Customer Churn Rate Calculator
Answers the Question
How often do customers quit?
Calculator for Customer Churn Rate
What Is the Customer Churn Rate?
Customer churn measures the change in a firm's customer base over a period of time (often months, quarters, or years).
A simple count of how many customers have quit is often insufficient for decision-making purposes. That is because it can be difficult to understand its meaning as a company grows or compare it against the values from other firms. For this reason, it is usually expressed as a faction of the customers who have quit.
Although many will record customer churn as a statement of what has already happened, astute managers will often attempt to estimate the churn that their firms are likely to experience in the future. The better they are able to predict, the better they able to attempt to improve their situations.
Why Is it Important?
- The higher the churn rate, the greater the number of resources that must be devoted to obtain new replacement customers.
- Sudden changes to the churn rate may indicate significant shifts in customer perception. Increasing churn may indicate problems, just as decreasing churn may indicate successes.
Formula(s) to Calculate Customer Churn Rate
- CUSTOMER CHURN = NUMBER OF CUSTOMERS WHO QUIT / NUMBER OF CUSTOMERS AT START OF PERIOD * 100
Common Mistakes
- Only looking at the difference in customer count. A large increase in customers can hide an equally large rate of churn.
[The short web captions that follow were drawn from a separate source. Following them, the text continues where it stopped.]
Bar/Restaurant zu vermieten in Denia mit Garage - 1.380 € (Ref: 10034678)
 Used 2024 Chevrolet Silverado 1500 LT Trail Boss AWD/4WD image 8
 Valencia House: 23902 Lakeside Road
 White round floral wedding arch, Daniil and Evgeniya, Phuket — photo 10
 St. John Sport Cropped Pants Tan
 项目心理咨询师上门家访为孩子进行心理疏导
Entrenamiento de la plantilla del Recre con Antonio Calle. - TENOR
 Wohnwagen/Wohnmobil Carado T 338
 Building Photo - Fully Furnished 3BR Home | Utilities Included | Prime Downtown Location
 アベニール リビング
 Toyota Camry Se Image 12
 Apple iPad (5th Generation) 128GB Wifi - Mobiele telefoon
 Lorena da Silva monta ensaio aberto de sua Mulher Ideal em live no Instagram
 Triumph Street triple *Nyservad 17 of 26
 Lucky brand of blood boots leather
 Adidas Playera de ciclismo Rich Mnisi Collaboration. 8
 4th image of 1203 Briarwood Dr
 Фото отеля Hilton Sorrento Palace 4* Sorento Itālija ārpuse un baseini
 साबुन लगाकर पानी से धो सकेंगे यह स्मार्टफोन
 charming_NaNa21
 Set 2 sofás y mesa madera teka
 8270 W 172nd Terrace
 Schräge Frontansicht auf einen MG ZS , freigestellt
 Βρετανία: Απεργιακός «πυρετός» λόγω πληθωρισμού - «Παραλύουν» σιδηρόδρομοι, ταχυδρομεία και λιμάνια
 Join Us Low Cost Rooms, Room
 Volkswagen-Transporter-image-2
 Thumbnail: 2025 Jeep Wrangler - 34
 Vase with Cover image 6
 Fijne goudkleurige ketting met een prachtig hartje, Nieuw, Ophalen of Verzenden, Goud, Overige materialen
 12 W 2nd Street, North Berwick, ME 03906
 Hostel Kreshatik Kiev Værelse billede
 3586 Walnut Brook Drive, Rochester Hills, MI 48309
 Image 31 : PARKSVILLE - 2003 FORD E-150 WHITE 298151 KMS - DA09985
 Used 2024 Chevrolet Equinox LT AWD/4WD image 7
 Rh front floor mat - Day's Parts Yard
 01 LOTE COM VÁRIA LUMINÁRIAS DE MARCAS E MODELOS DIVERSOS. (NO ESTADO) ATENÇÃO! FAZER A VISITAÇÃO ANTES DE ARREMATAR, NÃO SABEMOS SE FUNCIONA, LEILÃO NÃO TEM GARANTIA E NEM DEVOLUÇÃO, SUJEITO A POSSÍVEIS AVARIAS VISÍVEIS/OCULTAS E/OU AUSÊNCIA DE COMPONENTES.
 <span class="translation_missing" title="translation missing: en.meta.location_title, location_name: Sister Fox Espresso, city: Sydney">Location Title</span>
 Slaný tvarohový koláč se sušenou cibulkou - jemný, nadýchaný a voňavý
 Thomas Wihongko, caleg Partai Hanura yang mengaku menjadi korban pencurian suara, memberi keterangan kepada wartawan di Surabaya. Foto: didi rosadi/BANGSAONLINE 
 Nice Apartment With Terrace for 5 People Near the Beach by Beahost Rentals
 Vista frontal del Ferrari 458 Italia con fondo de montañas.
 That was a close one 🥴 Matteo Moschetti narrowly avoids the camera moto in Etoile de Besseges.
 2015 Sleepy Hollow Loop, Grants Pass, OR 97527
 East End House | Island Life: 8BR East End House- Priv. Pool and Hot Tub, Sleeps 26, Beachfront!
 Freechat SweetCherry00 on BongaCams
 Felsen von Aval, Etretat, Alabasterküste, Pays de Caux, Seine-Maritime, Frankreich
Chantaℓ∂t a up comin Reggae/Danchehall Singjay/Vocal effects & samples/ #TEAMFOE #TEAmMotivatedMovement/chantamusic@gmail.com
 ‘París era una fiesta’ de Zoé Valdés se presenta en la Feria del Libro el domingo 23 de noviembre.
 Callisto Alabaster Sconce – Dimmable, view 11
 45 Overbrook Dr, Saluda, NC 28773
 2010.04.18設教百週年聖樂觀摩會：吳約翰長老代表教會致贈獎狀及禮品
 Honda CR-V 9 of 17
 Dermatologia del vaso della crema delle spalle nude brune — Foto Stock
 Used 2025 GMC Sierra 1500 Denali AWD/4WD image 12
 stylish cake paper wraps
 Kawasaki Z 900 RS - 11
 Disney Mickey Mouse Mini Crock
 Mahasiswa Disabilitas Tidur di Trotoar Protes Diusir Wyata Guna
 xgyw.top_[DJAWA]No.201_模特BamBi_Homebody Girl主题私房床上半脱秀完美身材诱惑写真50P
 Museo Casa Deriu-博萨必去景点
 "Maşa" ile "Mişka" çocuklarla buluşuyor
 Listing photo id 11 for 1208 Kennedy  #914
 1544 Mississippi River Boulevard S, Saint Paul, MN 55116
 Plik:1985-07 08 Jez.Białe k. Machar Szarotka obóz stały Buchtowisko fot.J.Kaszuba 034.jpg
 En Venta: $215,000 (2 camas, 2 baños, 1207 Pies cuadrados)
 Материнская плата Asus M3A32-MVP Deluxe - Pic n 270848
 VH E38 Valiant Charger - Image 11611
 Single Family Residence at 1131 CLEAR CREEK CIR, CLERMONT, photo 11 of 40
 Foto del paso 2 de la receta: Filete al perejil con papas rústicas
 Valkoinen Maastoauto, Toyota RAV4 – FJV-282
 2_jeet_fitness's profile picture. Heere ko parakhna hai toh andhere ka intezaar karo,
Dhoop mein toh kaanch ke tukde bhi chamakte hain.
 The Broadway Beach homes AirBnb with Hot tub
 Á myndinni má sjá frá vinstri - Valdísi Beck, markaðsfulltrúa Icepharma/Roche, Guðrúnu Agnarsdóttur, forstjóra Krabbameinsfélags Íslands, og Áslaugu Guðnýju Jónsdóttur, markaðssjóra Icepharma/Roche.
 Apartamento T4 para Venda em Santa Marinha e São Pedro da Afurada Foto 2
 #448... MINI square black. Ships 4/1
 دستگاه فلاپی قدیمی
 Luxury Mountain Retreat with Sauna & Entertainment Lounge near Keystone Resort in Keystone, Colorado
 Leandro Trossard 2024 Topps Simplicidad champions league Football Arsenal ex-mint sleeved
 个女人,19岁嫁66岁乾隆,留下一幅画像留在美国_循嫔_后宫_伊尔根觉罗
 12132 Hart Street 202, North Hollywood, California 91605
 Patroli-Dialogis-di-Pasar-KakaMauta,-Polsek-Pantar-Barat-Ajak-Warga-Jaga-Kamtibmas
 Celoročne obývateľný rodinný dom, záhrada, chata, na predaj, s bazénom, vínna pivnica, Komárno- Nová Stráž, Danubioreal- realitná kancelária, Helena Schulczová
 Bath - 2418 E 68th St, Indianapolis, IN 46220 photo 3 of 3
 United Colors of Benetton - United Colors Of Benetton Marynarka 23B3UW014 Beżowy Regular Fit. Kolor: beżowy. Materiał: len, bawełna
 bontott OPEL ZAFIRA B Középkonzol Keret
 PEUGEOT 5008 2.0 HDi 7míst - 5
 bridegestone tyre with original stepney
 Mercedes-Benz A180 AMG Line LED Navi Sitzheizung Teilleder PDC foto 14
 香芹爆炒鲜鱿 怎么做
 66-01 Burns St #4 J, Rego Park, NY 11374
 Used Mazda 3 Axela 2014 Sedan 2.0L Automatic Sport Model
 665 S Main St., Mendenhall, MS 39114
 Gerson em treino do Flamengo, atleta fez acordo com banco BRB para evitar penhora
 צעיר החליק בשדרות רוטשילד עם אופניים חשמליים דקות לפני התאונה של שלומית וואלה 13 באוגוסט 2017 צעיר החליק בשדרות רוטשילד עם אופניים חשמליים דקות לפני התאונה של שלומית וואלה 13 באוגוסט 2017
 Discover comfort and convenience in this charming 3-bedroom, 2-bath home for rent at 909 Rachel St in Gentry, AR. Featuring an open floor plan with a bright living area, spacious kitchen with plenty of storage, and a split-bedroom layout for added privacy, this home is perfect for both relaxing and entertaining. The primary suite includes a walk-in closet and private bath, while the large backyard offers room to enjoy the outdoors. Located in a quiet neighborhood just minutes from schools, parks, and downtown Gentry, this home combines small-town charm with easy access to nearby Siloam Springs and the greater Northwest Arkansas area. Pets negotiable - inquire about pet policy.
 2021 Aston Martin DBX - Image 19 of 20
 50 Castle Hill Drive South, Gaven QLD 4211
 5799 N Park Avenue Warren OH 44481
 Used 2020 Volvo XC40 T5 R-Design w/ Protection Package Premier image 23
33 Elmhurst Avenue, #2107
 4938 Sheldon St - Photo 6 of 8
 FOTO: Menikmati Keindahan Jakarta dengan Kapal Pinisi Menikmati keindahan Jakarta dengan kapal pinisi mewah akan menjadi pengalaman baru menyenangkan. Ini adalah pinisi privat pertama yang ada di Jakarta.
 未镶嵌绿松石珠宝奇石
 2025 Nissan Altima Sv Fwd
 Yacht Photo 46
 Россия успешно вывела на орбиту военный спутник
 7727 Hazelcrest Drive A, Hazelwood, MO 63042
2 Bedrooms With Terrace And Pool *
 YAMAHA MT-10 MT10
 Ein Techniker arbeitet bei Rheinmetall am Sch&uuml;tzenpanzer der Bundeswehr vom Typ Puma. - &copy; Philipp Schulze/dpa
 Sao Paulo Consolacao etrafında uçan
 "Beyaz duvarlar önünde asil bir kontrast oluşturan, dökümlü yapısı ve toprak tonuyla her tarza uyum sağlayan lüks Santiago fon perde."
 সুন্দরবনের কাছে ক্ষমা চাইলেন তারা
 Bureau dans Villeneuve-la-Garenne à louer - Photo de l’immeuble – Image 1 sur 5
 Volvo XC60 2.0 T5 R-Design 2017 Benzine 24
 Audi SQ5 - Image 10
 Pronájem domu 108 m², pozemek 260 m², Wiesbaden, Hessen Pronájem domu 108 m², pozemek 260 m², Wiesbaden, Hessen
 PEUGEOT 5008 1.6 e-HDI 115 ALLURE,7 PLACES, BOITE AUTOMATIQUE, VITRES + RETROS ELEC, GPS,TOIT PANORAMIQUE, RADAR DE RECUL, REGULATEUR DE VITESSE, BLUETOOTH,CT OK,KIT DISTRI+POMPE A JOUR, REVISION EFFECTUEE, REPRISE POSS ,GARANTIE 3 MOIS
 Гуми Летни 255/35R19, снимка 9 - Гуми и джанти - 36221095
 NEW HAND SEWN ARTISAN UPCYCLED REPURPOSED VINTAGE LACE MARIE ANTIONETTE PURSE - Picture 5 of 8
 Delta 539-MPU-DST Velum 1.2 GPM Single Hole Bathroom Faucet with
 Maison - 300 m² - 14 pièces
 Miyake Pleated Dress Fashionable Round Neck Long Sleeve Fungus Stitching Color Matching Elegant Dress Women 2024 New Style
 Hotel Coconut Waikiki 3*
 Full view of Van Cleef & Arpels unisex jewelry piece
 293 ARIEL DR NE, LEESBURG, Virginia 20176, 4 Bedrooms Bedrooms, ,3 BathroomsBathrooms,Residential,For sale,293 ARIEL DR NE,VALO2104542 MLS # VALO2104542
- Assuming that customer churn is an immediate indicator. In cases when customers have agreed to lengthy contracts or have high switching costs, the visible effects of customer decisions may become visible weeks, months, or even years after a decision has been made.
- Assuming that a customer churn rate in one industry is necessarily acceptable in every other. Each industry and customer base will have different norms.